>>>

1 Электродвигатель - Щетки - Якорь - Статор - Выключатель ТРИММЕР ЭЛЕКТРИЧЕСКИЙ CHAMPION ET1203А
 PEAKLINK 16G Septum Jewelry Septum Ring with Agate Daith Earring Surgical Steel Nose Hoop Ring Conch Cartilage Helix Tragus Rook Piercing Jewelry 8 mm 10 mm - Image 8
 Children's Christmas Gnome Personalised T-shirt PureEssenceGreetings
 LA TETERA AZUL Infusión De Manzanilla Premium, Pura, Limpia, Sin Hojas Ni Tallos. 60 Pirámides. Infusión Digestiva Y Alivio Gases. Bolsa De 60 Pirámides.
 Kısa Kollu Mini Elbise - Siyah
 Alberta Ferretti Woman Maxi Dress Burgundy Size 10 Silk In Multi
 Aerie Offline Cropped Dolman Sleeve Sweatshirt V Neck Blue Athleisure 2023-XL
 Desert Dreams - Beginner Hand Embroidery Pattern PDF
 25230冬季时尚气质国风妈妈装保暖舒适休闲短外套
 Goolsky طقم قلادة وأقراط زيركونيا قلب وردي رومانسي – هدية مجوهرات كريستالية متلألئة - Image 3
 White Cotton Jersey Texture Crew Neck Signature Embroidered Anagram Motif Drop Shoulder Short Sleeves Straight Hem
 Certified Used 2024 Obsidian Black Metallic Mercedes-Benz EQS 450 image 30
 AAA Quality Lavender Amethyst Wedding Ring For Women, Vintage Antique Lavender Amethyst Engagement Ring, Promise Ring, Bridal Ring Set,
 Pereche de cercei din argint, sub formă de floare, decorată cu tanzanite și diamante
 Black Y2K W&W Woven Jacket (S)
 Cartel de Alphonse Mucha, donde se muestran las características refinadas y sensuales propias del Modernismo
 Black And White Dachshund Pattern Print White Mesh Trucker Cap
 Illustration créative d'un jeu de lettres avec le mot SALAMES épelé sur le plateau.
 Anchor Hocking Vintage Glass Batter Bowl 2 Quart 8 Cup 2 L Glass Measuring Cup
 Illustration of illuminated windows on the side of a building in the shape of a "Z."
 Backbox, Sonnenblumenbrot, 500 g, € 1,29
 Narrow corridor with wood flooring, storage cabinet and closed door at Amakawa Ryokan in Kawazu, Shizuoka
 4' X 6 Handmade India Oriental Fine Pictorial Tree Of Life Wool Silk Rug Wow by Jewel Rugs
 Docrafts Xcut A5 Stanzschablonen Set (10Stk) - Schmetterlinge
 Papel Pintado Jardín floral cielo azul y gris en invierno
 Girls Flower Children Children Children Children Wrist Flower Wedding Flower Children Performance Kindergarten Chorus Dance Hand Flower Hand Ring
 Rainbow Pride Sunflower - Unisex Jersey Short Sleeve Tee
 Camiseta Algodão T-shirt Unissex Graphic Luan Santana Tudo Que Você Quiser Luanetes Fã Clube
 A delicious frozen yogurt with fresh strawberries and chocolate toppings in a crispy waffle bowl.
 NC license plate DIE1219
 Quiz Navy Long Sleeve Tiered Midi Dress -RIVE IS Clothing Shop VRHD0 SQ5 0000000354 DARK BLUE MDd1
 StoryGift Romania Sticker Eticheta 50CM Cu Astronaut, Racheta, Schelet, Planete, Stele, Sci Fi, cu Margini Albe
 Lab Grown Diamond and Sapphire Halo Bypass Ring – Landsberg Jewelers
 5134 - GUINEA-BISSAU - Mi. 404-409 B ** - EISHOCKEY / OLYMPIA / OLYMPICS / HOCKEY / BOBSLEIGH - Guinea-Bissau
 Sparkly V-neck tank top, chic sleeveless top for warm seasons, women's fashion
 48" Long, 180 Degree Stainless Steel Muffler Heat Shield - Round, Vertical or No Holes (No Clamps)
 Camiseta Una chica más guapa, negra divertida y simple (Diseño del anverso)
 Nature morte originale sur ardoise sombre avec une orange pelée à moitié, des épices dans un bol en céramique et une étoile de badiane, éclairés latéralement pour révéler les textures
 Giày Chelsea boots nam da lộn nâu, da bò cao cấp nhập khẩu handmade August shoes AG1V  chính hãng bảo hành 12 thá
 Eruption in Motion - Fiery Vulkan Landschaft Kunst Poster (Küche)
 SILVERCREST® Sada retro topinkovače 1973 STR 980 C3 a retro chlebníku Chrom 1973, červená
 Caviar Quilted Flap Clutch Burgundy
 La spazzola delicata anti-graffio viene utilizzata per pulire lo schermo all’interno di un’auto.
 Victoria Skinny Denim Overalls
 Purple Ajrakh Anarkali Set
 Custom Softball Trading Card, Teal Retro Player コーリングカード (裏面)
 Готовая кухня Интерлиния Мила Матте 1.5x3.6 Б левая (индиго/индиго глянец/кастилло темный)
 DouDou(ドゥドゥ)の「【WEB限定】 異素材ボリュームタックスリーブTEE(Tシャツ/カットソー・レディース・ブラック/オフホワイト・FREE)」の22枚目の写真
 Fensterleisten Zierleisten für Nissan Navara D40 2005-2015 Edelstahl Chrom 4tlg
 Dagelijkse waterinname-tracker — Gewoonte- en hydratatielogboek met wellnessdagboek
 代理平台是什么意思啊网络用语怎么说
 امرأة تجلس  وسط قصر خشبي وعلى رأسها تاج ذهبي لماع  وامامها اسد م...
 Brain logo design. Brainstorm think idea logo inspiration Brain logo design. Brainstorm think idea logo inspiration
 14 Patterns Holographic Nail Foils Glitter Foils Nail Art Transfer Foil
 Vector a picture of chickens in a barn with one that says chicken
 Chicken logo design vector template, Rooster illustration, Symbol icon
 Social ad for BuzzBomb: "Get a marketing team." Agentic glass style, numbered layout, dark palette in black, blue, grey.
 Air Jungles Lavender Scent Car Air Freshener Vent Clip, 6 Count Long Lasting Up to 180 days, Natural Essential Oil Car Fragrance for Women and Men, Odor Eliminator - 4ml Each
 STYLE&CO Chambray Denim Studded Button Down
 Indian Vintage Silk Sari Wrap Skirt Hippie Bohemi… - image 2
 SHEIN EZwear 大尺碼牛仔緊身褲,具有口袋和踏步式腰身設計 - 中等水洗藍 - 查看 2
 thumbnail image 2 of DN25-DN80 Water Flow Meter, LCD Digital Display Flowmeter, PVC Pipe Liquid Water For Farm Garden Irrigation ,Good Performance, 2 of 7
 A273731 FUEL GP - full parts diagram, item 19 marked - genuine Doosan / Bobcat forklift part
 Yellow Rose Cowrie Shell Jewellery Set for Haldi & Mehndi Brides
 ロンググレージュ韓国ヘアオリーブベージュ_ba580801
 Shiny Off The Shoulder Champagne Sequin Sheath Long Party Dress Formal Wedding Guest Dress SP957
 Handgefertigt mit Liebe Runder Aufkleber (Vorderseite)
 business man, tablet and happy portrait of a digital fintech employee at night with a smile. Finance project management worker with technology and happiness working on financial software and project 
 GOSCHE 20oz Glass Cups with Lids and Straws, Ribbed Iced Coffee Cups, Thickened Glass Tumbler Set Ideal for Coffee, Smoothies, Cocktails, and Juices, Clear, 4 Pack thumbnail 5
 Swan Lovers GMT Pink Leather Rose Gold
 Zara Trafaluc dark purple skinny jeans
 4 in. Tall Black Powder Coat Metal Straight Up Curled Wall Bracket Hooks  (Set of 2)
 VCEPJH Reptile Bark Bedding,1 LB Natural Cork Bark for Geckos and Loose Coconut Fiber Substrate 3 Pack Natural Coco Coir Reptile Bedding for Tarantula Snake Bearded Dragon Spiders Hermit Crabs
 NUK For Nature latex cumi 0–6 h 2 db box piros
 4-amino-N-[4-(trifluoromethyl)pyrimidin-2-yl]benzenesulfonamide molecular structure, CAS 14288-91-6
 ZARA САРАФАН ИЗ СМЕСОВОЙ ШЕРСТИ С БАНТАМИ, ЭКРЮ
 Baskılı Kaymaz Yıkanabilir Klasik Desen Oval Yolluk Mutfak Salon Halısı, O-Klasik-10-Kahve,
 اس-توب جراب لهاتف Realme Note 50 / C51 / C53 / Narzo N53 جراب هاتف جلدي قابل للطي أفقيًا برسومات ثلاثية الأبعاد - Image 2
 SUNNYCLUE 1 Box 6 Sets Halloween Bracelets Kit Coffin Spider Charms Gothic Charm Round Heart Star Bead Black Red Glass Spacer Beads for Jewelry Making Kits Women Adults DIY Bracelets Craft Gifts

<<<

■ Aim of the exercise
Between the first line of the entries above and the line with "Goolsky طقم قلادة", both included, copy every line exactly and nothing outside that range.

■ Output for this exercise
1 Электродвигатель - Щетки - Якорь - Статор - Выключатель ТРИММЕР ЭЛЕКТРИЧЕСКИЙ CHAMPION ET1203А
 PEAKLINK 16G Septum Jewelry Septum Ring with Agate Daith Earring Surgical Steel Nose Hoop Ring Conch Cartilage Helix Tragus Rook Piercing Jewelry 8 mm 10 mm - Image 8
 Children's Christmas Gnome Personalised T-shirt PureEssenceGreetings
 LA TETERA AZUL Infusión De Manzanilla Premium, Pura, Limpia, Sin Hojas Ni Tallos. 60 Pirámides. Infusión Digestiva Y Alivio Gases. Bolsa De 60 Pirámides.
 Kısa Kollu Mini Elbise - Siyah
 Alberta Ferretti Woman Maxi Dress Burgundy Size 10 Silk In Multi
 Aerie Offline Cropped Dolman Sleeve Sweatshirt V Neck Blue Athleisure 2023-XL
 Desert Dreams - Beginner Hand Embroidery Pattern PDF
 25230冬季时尚气质国风妈妈装保暖舒适休闲短外套
 Goolsky طقم قلادة وأقراط زيركونيا قلب وردي رومانسي – هدية مجوهرات كريستالية متلألئة - Image 3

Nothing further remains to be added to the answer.